So we have a server that has seemingly random spikes in disk I/O, going up to 99.x% at random times and for no obvious reason, staying high for a while, and then going back down. This didn't use to be an issue, but recently the disk I/O has been staying at 99% for extended periods of time, in some cases up to 16 hours.
The server is a dedicated server, with 4 CPU cores and 4 GBs of RAM. It is running Ubuntu Server 14.04.2, running percona-server 5.6 and nothing else major. It is being monitored for downtime and we have a screen permanently showing CPU/RAM/Disk I/O for the servers we deal with. The server is also being regularly patched and maintained.
This server is the 3rd in a chain of replicas, and is there as a fail-over machine. The MySQL data flow is as follows.
Master --> Master/Slave --> Problem Server
All 3 machines have identical specs and are hosted with the same company. The problem server is in a different datacentre to the first & second.

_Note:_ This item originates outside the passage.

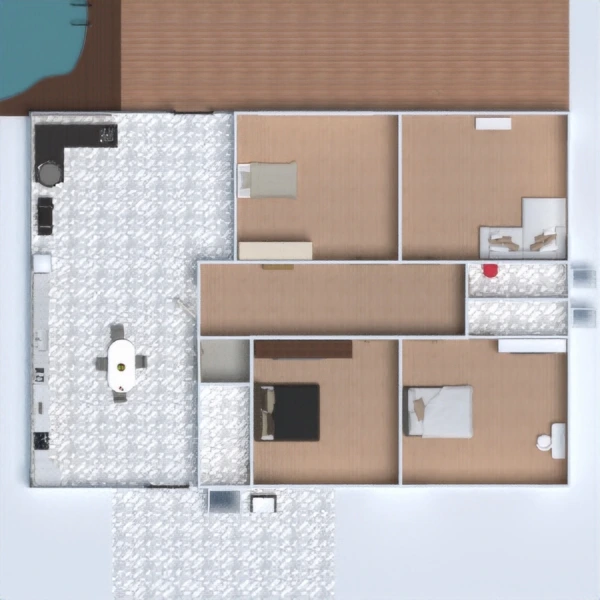 floor plans virtuvė 3d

The 'iotop' tool shows us that the disk I/O is being caused by the 'jbd2/sda7-8' process. From what we know this handles the filesystem journalling, and flushing things to disk. Our 'sda7' partition is '/var' and our sda8 partition is /home. Nothing should be reading/writing to /home on a regular basis. Stopping the mysql service results in the disk I/O immediately dropping back down to a normal level so we are fairly certain it is percona that is causing the issue, and this would match with it being the /var partition as this is where our MySQL data directory resides (/var/lib/mysql).

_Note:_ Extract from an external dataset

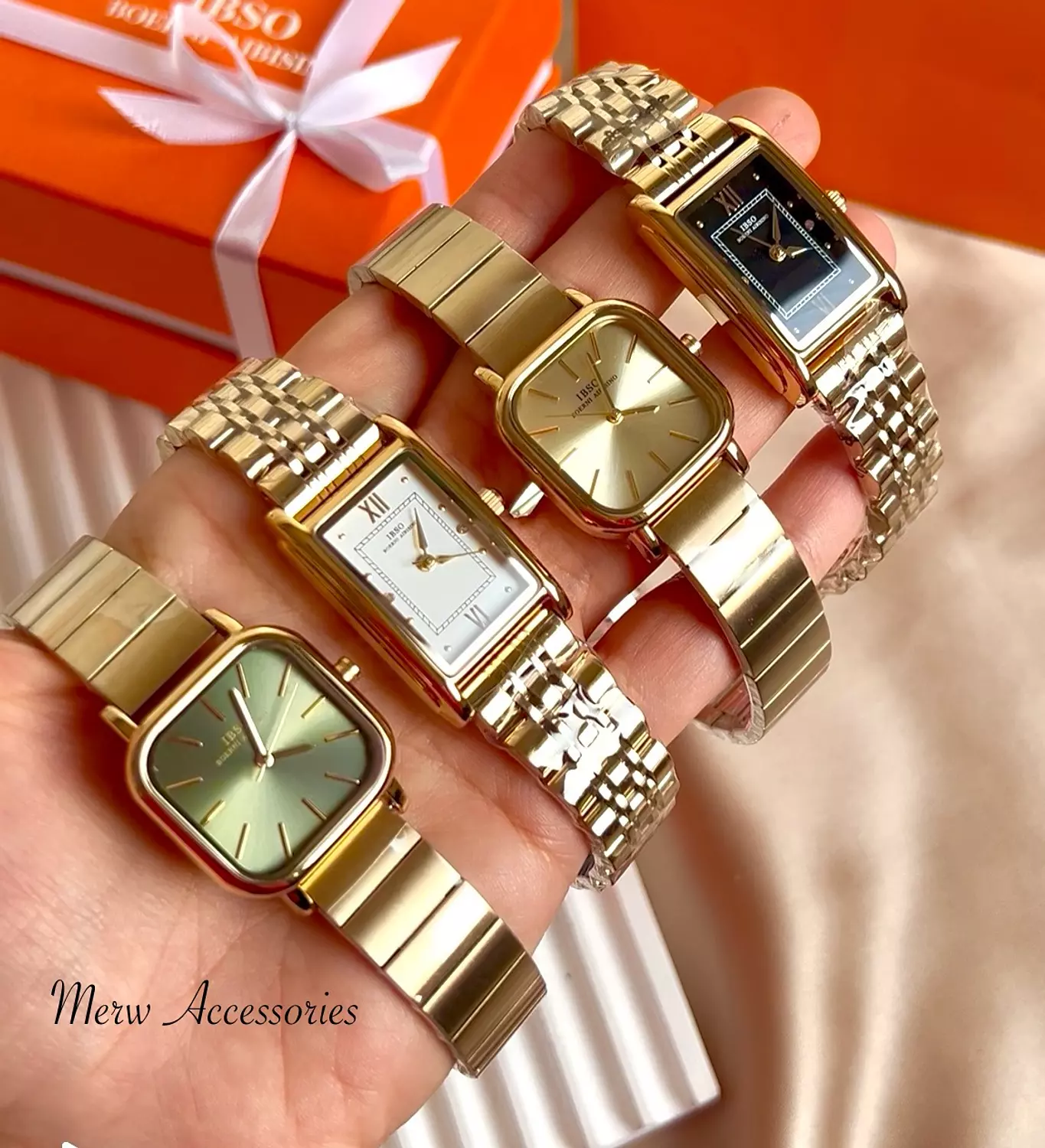 IBSO olive green women watch  3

We use NewRelic to monitor all of our servers, and when the disk I/O spikes, we can not see anything that could be causing it. The load average sits at ~2. The CPU usage hovers at ~25%, which NewRelic says is being caused by 'IO Wait' rather than a particular process.
Our mysql configuration file was generated through a combination of the Percona configuration wizard and some settings that are required for our customers app, but is nothing particularly fancy.
MySQL config - http://pastebin.com/5iev4eNa
We have tried the following things to try and resolve the issue:
Ran mysqltuner.pl to see if there was anything obviously wrong. Results look very similar to the results from the same tool on the other 2 database servers, and does not change much between uses.
Used vmstat, iotop, iostat, pt-diskstats, fatrace, lsof, pt-stalk and probably a few more, but nothing obvious has jumped out.
Tweaked the 'innodb_flush_log_at_trx_commit' variable. Have tried setting it to 0, 1 & 2, but none seemed to have any effect. This should have changed how often MySQL was flushing transactions to the logs files.
A mysql 'show full processlist' is very un-interesting when disk-I/O is high, it just shows the slave reading from the master.
Some of the outputs from tools are obviously quite long so I'll give pastebin links, and I couldn't manage to copy-paste the output of iotop, so I've provided a screen capture instead.
iotop
pt-diskstats: http://pastebin.com/ZYdSkCsL
When the disk I/O is high, “vmstat 2” shows us the things being written are mostly because of “bo” (buffer out), which correlates with the disk journalling (flushing buffers/RAM to disk)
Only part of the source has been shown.